A recent development that caused a stir was China’s new e-commerce law introducing tariffs and taxes on online cross-border sales. The announcement took many businesses by surprise.
However, Willcox says it was effectively the closing of a loophole that brands should have seen coming, and employed effective public affairs to deal with it.
"The changes were pushed by the Chinese retail industry, which was being heavily impacted by foreign luxury goods coming in via online shopping platforms," she explains.
"A smart public affairs campaign would see those foreign brands working with Chinese e-commerce platforms to change the laws in a way that would be more favourable to e-commerce."
Technology and democratisation
By far the biggest change for public affairs in APAC today is the rapid digitisation of several maturing countries, allowing greater access to information and giving citizens a voice where previously they did not have one.
It has added a whole new dimension to the public affairs world, particularly for governments as citizens are openly asking for more from them.
"Governments in some countries are constantly being critiqued about how responsive they have been in their adoption of social media to amplify the discourse around public policy," says Lim.
The drivers for this are a growing population of wealthier, better-educated and more engaged APAC consumers. As such, the demands on public affairs execs to connect brands to government, and vice versa, in a digitally relevant way is more pronounced than ever.
"Asia and its public affairs professionals stand at the threshold of a new political and economic experience as demonstrated by its new and rapidly growing urban centres, and an increasingly tech-savvy, educated and young demography," says Neog (pictured).
But with this technological revolution comes challenges, for both governments and brands in APAC.
Willcox says while Powell Tate has been effective in Australia in using digital means to influence major policy decisions, she also sees brands that fall into the trap of online complacency.
"Some are unwisely using it as their main channel of engagement and have become too transactional in their approach to technology as a tool of public affairs," she warns.
"At its most basic, public affairs is about constant engagement and listening. Technology can be very effective but it must be part of a well-considered strategy."
Furthermore, increased digital access means room for millions more comments regarding a brand or governments plans, not all of which are savoury.
Lim explains: "While social platforms can empower individuals, they do not necessarily create democratic access to information online. They also breed clusters of extremism, ignorance and abuse."
Common examples include the genetically modified crop industry, which receives fierce, relentless criticism despite the science often being on their side.
More generally, foreign investment has become a hugely sensitive issue across APAC, with some critics straying all too casually into xenophobia in their condemnation. The digital world has made tackling these problems a far bigger challenge.
Public affairs professionals have to guide their clients through this often vitriolic noise to promote their ideas to policymakers, who are regularly swayed by the digital court of public opinion.

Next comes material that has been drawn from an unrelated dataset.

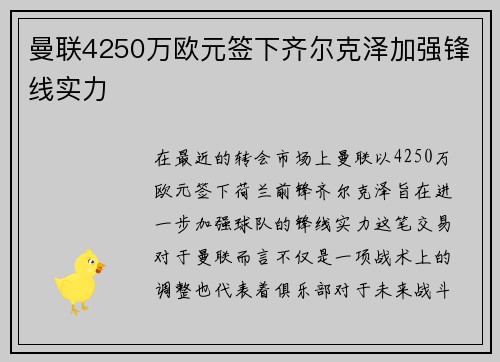 曼联4250万欧元签下齐尔克泽加强锋线实力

As with other areas of PR work, timing a strategy is key, as in engaging agencies before any issues arise.
"Public affairs advisers should be used at the beginning of the transaction,’ Willcox says. "Too often we get called in when the deal is facing regulatory or other challenges that could have been foreseen and better managed with a good public affairs strategy."
Whatever the pitfalls and developments, it is clear that public affairs in Asia-Pacific is in a period of rapid transition with no time to stand still.
With more free trade agreements being implemented, not to mention the likes of the Trans-Pacific Partnership on the horizon, the picture does not look to be getting clearer anytime soon.
As Neog aptly puts it: "This is a rather interesting time for public affairs, as the theatre of engagement is expanding very fast."